[Exercise prompt]
Exactly as written, copy every line from the one containing "El torero José" through the end of the records, with the pictures left out.
═════ Exercise input
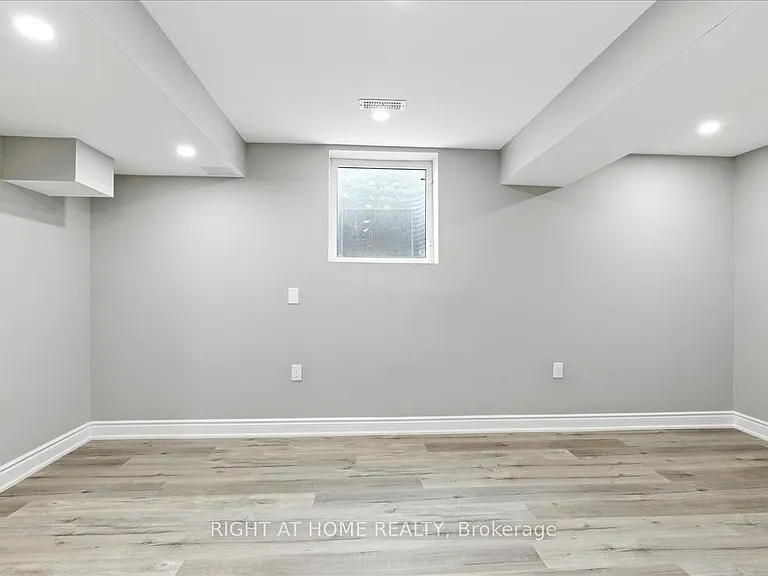1 Lorilee Cres — Photo 5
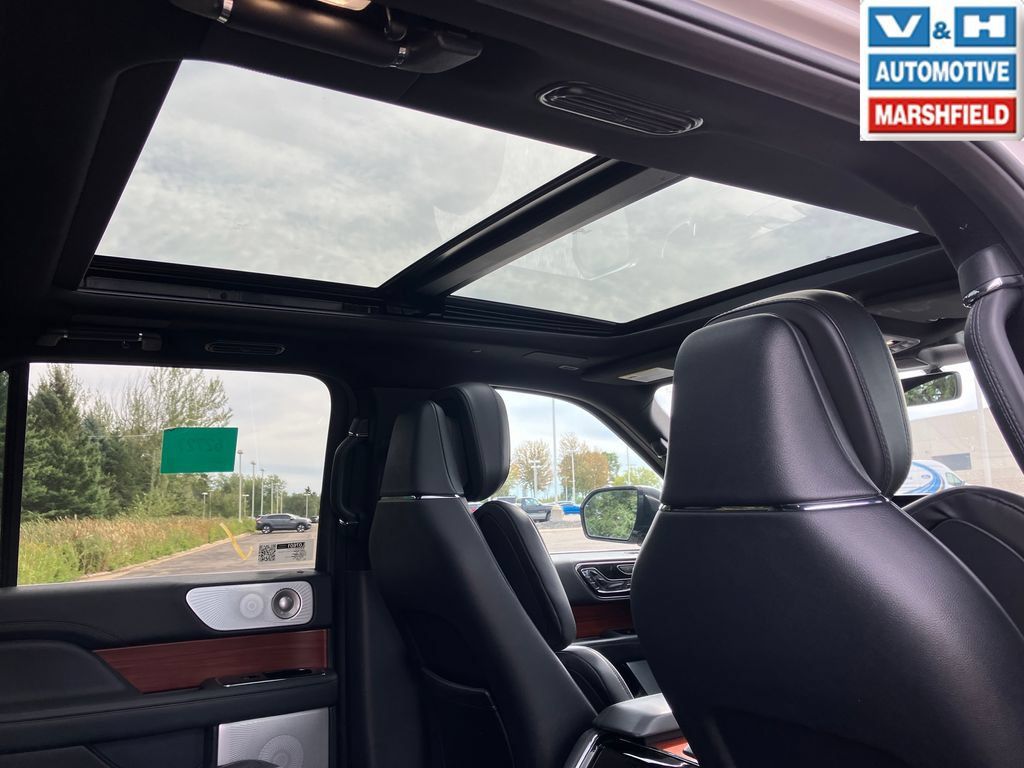Used 2024 Lincoln Navigator L Reserve w/ Equipment Group 201A AWD/4WD image 2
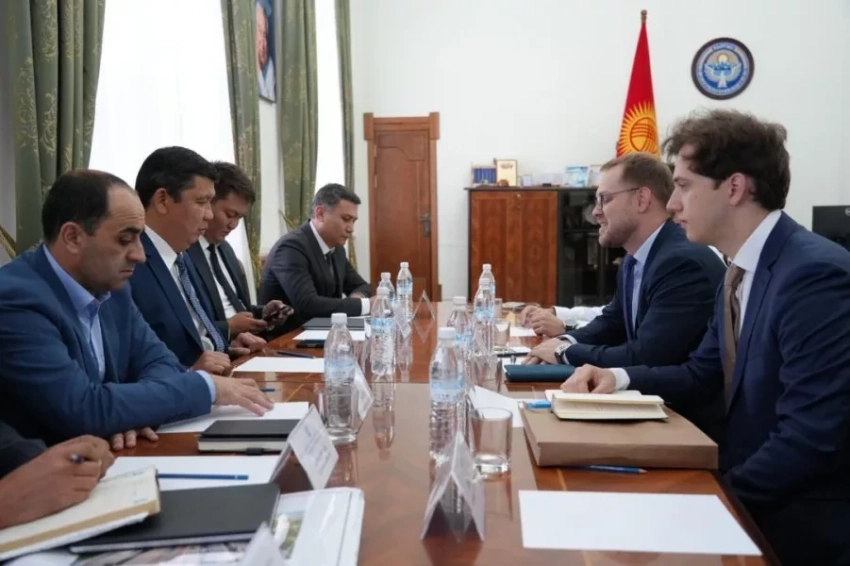 Мэр Бишкека встретился с представителями Яндекс GO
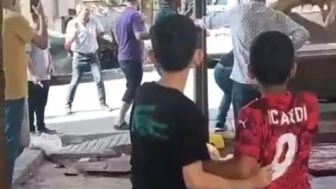 Kızgın Boğa Kasaba Saldırdı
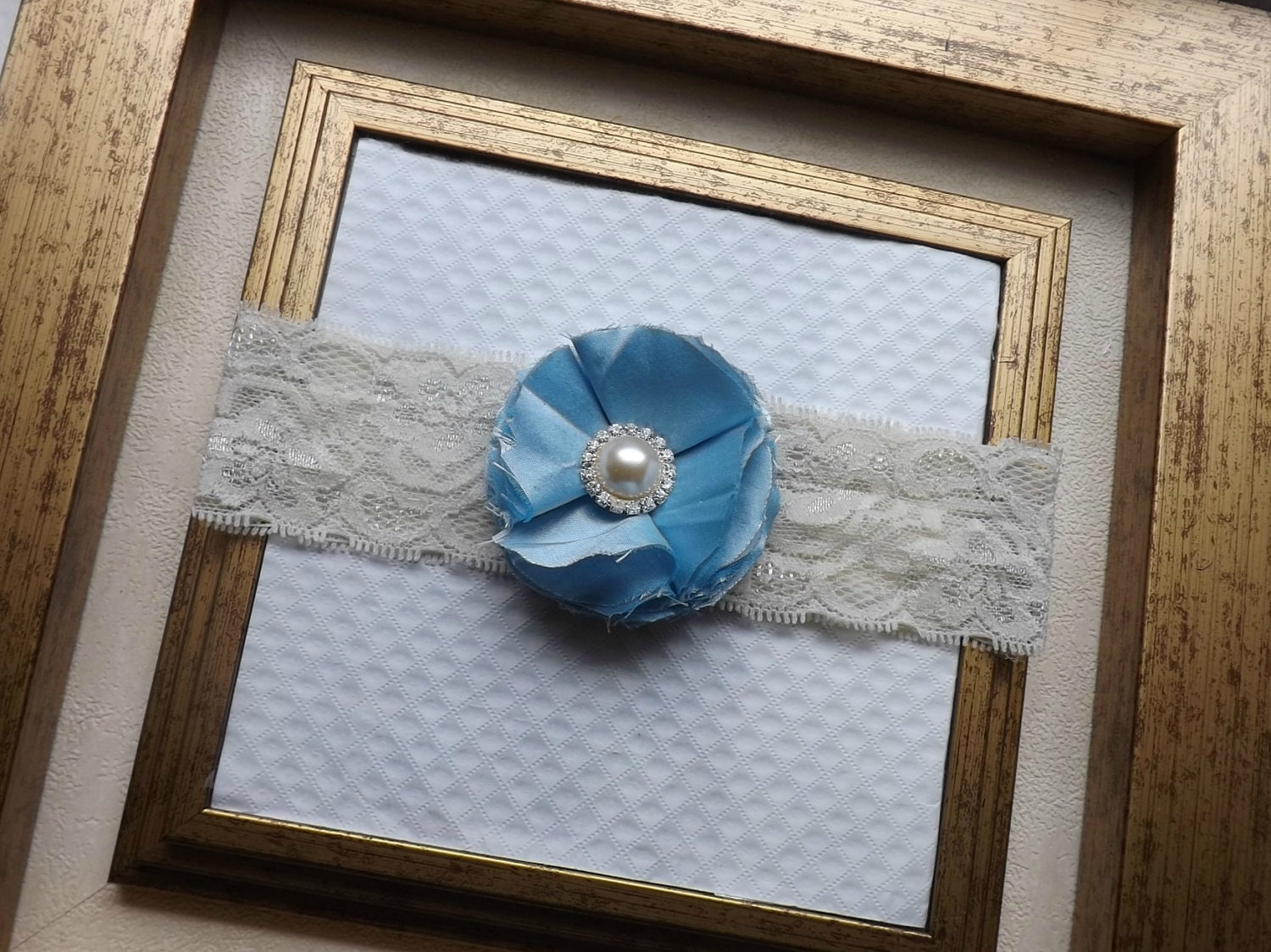 Wedding Garter - Bridal Lace Garter - Cream Wedding Garter - Something Blue Garter - Cream lace Garter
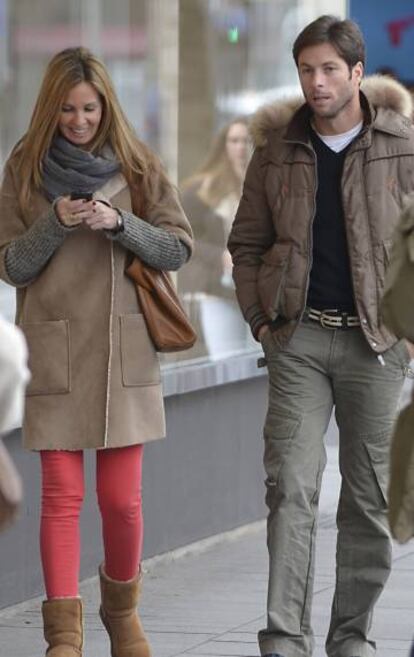 El torero José Antonio Canales Rivera, de compras junto a la que era su mujer, en Madrid en 2013.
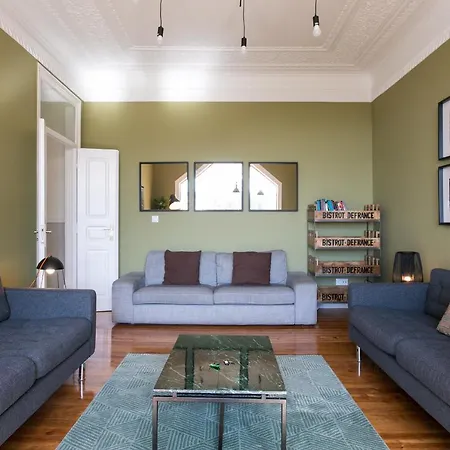 Апартаменты Rato By Hill *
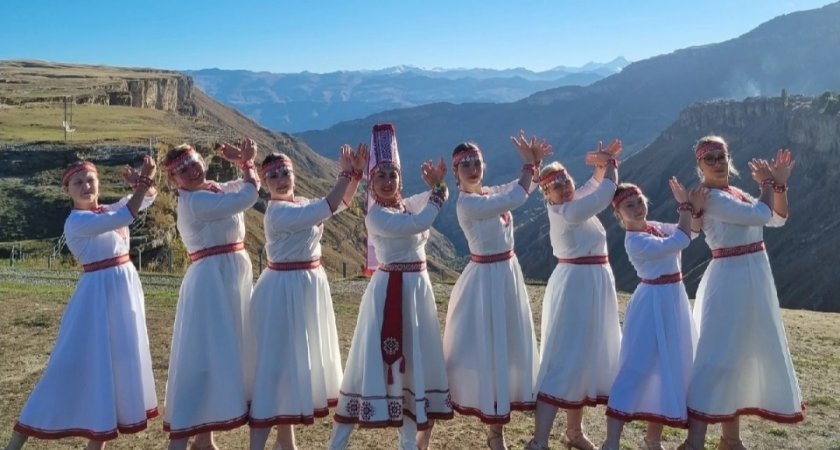 Марийский ансамбль выступил на высоте 2000 метров над уровнем моря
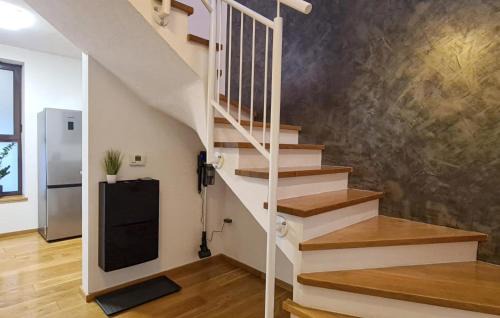 Veliko Trojstvo House | Gorgeous Home In Maglenca With Sauna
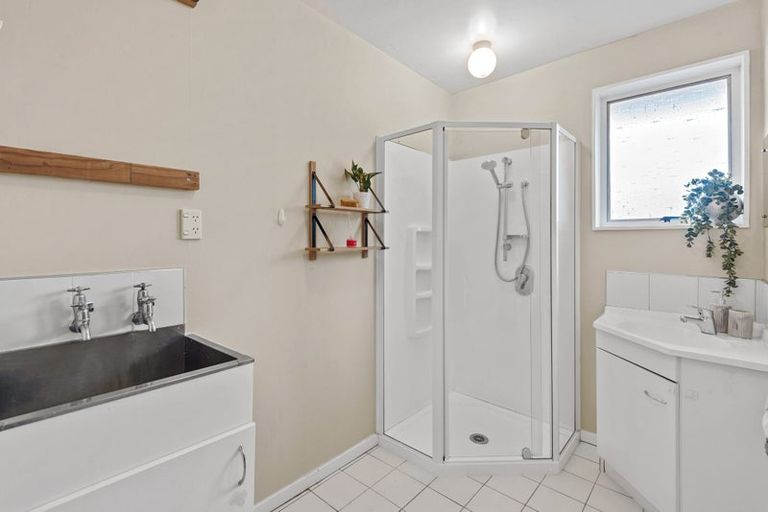 Photo of property in 3/9a Avonhead Road, Avonhead, Christchurch, 8042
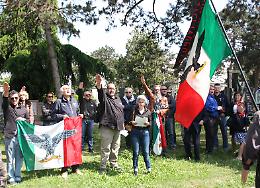 I saluti e gli inni fascisti finiscono in Procura 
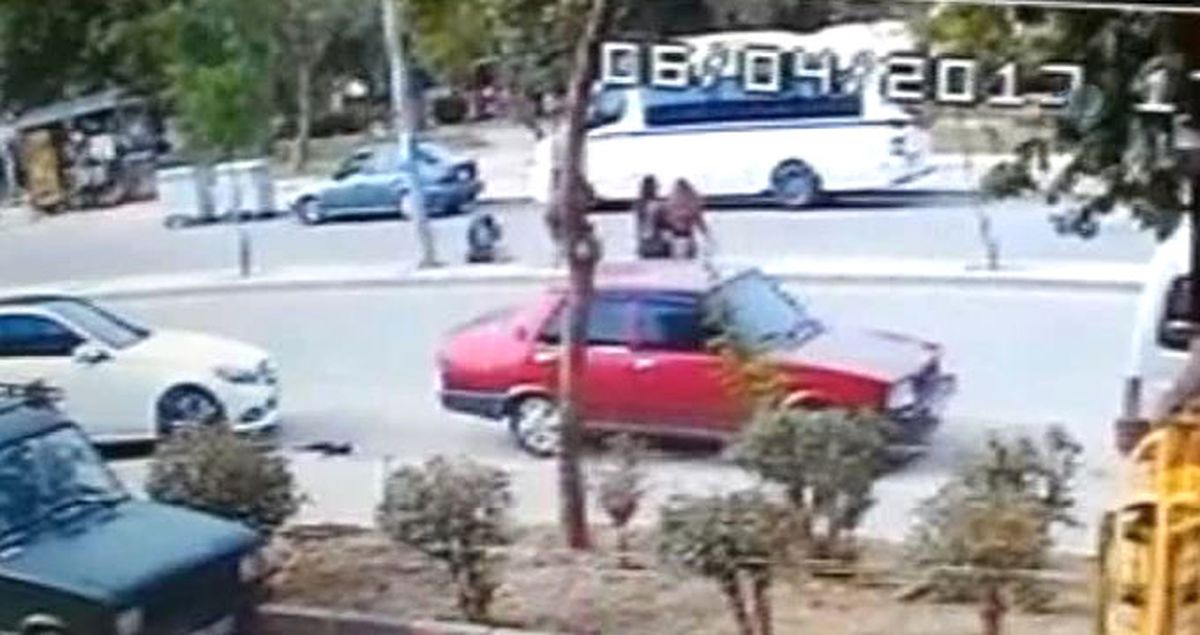 Minibüs, İki Genç Kıza Çarparak Metrelerce Savurdu, Feci Kaza Kamerada!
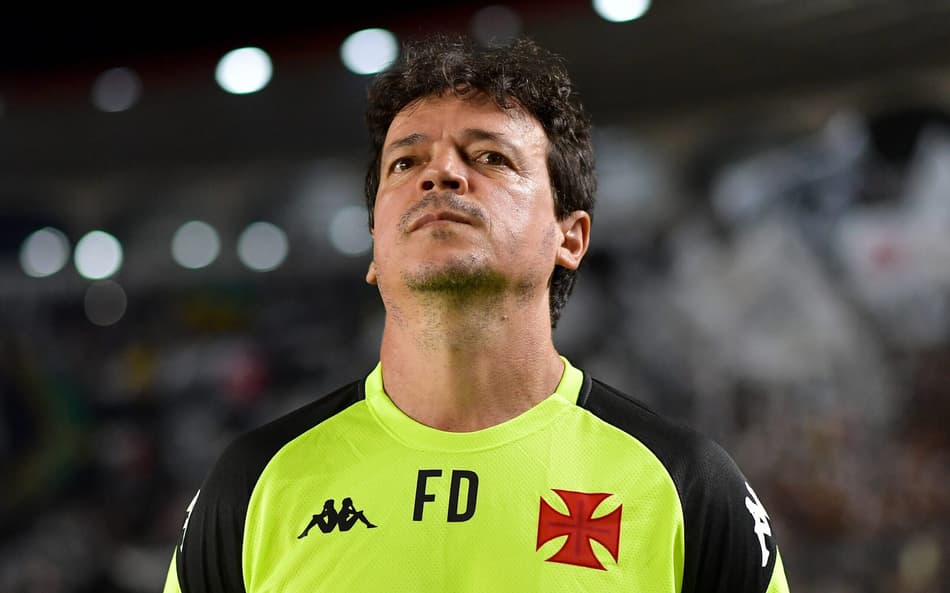 Diniz, técnico do Vasco, durante partida contra o Bragantino em São Januário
══════════
[Completed exercise]
 El torero José Antonio Canales Rivera, de compras junto a la que era su mujer, en Madrid en 2013.
 Апартаменты Rato By Hill *
 Марийский ансамбль выступил на высоте 2000 метров над уровнем моря
 Veliko Trojstvo House | Gorgeous Home In Maglenca With Sauna
 Photo of property in 3/9a Avonhead Road, Avonhead, Christchurch, 8042
 I saluti e gli inni fascisti finiscono in Procura 
 Minibüs, İki Genç Kıza Çarparak Metrelerce Savurdu, Feci Kaza Kamerada!
 Diniz, técnico do Vasco, durante partida contra o Bragantino em São Januário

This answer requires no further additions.